The longest river in Europe is the Volga, in Russia. It is 3,645 kilometres long and is the 15th longest river in the world. It is also Europe's largest river in terms of discharge, with 8,060 cubic metres per second.
The Volga is a great river in every respect. Its drainage basin has a surface area of 1,350,000 square kilometres, making it the 18th largest one in the world.
Its source is in the Valdai Hills, 228 metres above sea level, and it flows through ten Russian oblasts (Tver, Yaroslavl, Kostroma, Ivanovo, Nizhny Novgorod, Ulyanovsk, Samara, Saratov, Volgograd and Astrakhan) and three republics (Mari El, Chuvashia and Tatarstan).
It flows into the Caspian Sea, and almost its entire course is navigable.
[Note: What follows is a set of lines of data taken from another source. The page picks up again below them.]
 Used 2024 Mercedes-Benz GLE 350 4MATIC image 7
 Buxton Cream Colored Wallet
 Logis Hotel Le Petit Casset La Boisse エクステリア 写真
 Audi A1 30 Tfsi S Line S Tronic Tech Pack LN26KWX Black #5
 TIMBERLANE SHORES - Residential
The Volga's main tributaries are the Kama and the Oka rivers, and it has a total of about 200 tributaries.
The Volga has the largest river delta in Europe. It is formed when the largest river system in Europe, the Volga, flows into the Caspian Sea, in the Russian oblast of Astrakhan, north-east of the Republic of Kalmykia.
The delta is located in the Caspian depression. The far eastern part of the delta lies in Kazakhstan. The delta drains into the Caspian Sea approximately 60 kilometres downstream from the city of Astrakhan.
The delta has grown significantly in the 20th century because of changes in the level of the Caspian Sea. Its surface area has increased from 3,222 square kilometres in 1880, to its current surface area of 27,224 square kilometres, measuring approximately 160 kilometres across.